# Purpose
This notebook is written as a requirement for the lab [AI Language Technology](https://www.researchgate.net/project/AI-Language-Technology) (WiSe 2018) offered by the Fraunhofer IAIS. It details our implementation of the method to disambiguate word sense in NLP published in the following paper - 

Chen, X., Liu, Z., & Sun, M. (2014). A unified model for word sense representation and disambiguation. In Proceedings of the 2014 Conference on Empirical Methods in Natural Language Processing (EMNLP) (pp. 1025-1035). Accessed at https://www.aclweb.org/anthology/D14-1110.

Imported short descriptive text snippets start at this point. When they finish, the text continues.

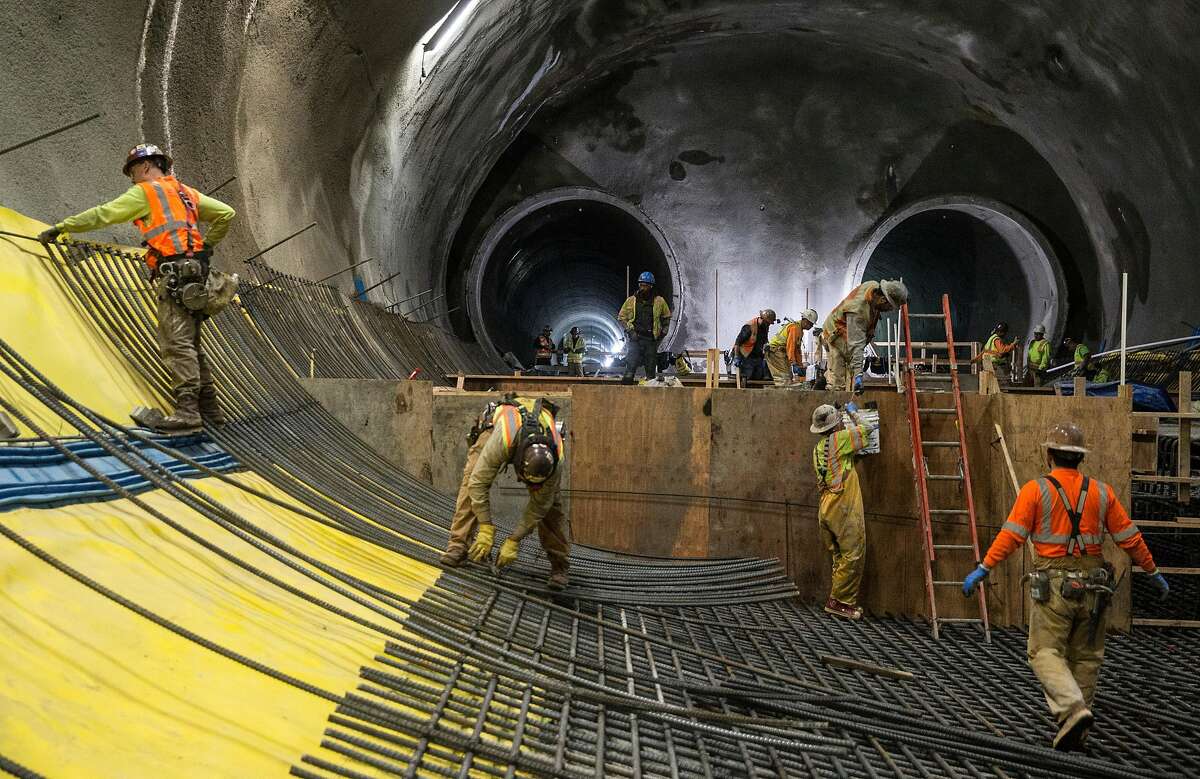 Workers continue construction on the two main tunnels and platform location for the future Central Subway near Stockton and Washington streets Tuesday, April 3, 2018 in San Francisco, Calif.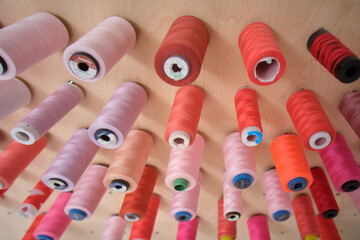 Colorful spools of thread on the table in the tailor shop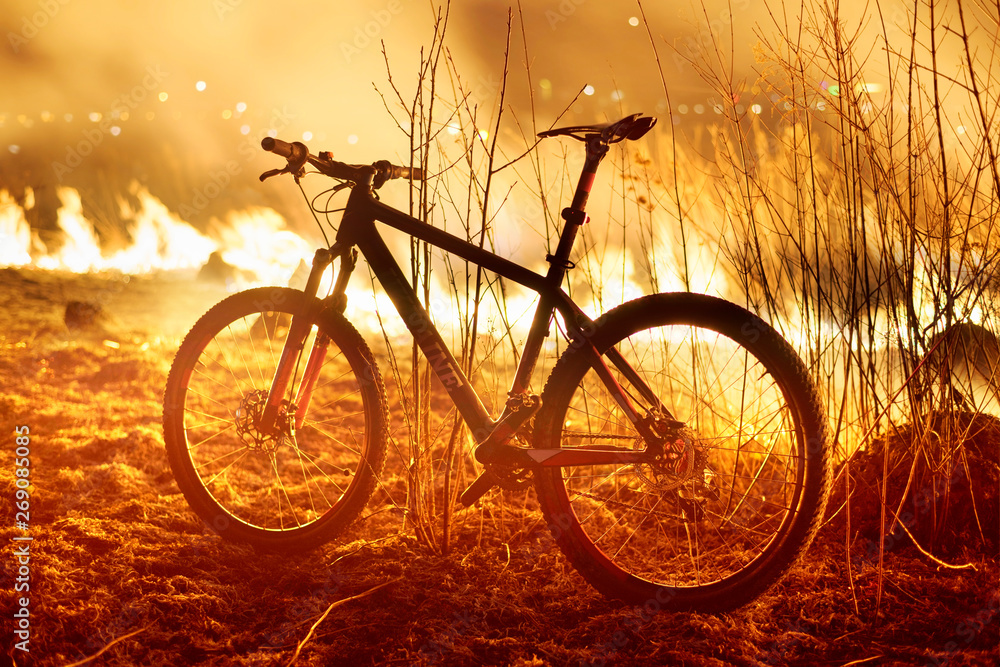 Naklejka premium bike on fire field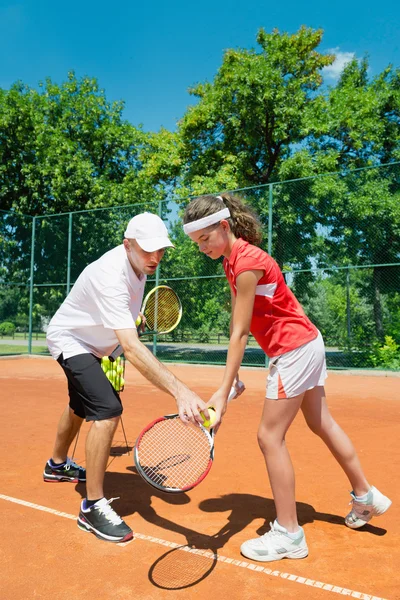 Tennis instructor working with junior player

**Note:** For the sake of explanation, at some places below, we have copied texts in part from the referred research paper. If a text was copied as is, it is quoted.

# Scope
The paper describes the method of disambiguating word sense as a **3-stage** process,
1. Initializing word vectors and sense vectors
2. Performing word sense disambiguation
3. Learning sense vectors from relevant occurrences

Our scope of this lab is to only perform the disambiguation of word sense. Hence, we do not go into the 3rd stage.

# Implementation
A code draft of the algorithm implementation can be found [here](https://github.com/iftekhar-ahmed/wsd-nlp).
A code draft of the experimental setting can be found [here](https://gist.github.com/logicalforhad/2baeff727fb3a711297de1dc83369d7c).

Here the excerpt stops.